Vitailles 24 mai 1946
Cher ami
Que penses tu de moi ? Que je te laisse tomber ? non. Mais les jours sont tellement longs, le travail ne manque pas comme au Pin sans doute. Ainsi le soir je suis contente de me coucher. Ce soir je suis une peu plus courageuse tu vois.
Tu sais je t’avais dit que j’allais t’apprendre une grande nouvelle. La voila. Lors de la séance récréative, un certain jeune homme beau frère d’une de mes camarades m’a remarquée et ensuite par l’intermédiaire de sa belle sœur, j’ai fait sa connaissance. Mais avant toute fréquentation, j’ai voulu que mes parents le connaissent. Et après, on m’a laissé libre de faire comme je voudrais. Et j’ai réfléchi, bien prié maman de m’éclairer et l’esprit saint m’a éclairé. Je comprends que nous ne sommes pas l’un pour l’autre. Aussi sans attendre je l’ai écrit à ma camarade. On a bien raison de dire que l’amour ne s’achète pas. Il était très bien physiquement, bien moralement, mais pour vivre avec quelqu’un toute un vie, il faut l’aimer.
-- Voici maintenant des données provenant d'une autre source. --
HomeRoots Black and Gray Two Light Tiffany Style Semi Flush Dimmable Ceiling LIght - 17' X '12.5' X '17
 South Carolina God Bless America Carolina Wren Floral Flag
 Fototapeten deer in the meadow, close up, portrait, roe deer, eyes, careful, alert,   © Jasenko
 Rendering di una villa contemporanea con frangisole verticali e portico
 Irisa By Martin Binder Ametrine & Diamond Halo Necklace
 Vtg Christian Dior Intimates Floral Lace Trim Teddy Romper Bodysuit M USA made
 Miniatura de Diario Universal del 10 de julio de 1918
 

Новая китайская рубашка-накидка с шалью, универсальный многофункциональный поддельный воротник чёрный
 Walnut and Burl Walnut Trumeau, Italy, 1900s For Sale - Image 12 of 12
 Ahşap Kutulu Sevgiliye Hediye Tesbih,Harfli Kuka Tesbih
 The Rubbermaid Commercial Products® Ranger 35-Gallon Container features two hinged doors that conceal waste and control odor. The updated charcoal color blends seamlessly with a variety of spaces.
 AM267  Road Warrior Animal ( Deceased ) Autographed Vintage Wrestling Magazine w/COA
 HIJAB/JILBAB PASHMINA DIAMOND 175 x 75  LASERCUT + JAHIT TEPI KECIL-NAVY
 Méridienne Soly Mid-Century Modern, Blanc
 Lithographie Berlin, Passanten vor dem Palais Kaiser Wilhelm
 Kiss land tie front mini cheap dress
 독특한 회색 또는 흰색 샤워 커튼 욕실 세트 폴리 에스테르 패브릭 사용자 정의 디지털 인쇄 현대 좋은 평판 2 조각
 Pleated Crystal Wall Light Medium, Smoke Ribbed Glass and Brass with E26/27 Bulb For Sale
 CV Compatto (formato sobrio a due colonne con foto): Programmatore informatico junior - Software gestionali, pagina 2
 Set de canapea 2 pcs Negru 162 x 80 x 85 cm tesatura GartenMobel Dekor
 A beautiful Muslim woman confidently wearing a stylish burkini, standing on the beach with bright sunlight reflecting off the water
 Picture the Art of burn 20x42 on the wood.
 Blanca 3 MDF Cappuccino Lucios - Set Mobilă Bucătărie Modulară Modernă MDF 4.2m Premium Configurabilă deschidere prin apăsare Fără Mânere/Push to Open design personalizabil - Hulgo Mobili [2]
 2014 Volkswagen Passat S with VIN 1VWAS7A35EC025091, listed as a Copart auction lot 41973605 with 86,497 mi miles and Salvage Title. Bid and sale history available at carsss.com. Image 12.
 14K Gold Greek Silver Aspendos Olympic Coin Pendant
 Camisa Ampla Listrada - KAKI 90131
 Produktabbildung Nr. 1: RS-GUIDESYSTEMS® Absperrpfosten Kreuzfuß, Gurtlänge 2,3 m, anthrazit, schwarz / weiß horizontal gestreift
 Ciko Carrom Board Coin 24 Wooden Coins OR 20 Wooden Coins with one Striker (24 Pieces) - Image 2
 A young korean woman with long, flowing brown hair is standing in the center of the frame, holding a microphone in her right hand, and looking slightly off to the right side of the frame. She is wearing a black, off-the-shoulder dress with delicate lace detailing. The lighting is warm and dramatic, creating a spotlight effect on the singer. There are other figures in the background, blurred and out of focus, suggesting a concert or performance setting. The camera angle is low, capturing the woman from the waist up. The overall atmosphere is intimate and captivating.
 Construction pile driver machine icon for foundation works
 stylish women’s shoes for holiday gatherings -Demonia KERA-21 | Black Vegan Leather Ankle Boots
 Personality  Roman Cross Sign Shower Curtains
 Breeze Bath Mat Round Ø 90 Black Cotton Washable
Quand j’ai pensé à Lily que je ne pourrais plus la voir, aller à Castillonnès quand je voudrai. Et toutes tes lettres qu’en faire ? Je n’avais pas le courage de les brûler, de renoncer à tout cela. Aussi j’ai préféré ne pas m’engager avec ce jeune homme qui d’ailleurs n’était pas aussi simple que j’aurais voulu. Alors stop ? Qu’en penses-tu ? Réponds franchement.
Quand je vais dire cela à Lilly, elle va bien rire mais je ne te cache pas que j’étais bien ennuyée. Tu as sans doute aussi prié pour moi. Enfin c’est passé. Dieu merci. Je n’aurais jamais cru être dans des situations pareilles.
J’espère que ta maman est rétablie, que toute la maison est en parfaite santé. Les élections dernières n’ont-elles pas été trop terribles à Sainte Livrade ?
Il y a longtemps que je n’ai pas de nouvelle de Lily et Loulou. Depuis Pâques.
Je termine ma lettre le coeur léger, débarrassé de ce fardeau.
Garde pour toi cette lettre. J’ai confiance en toi.
Reçois cher ami mon affectueux souvenir.
Toujours uni dans la prière jaciste.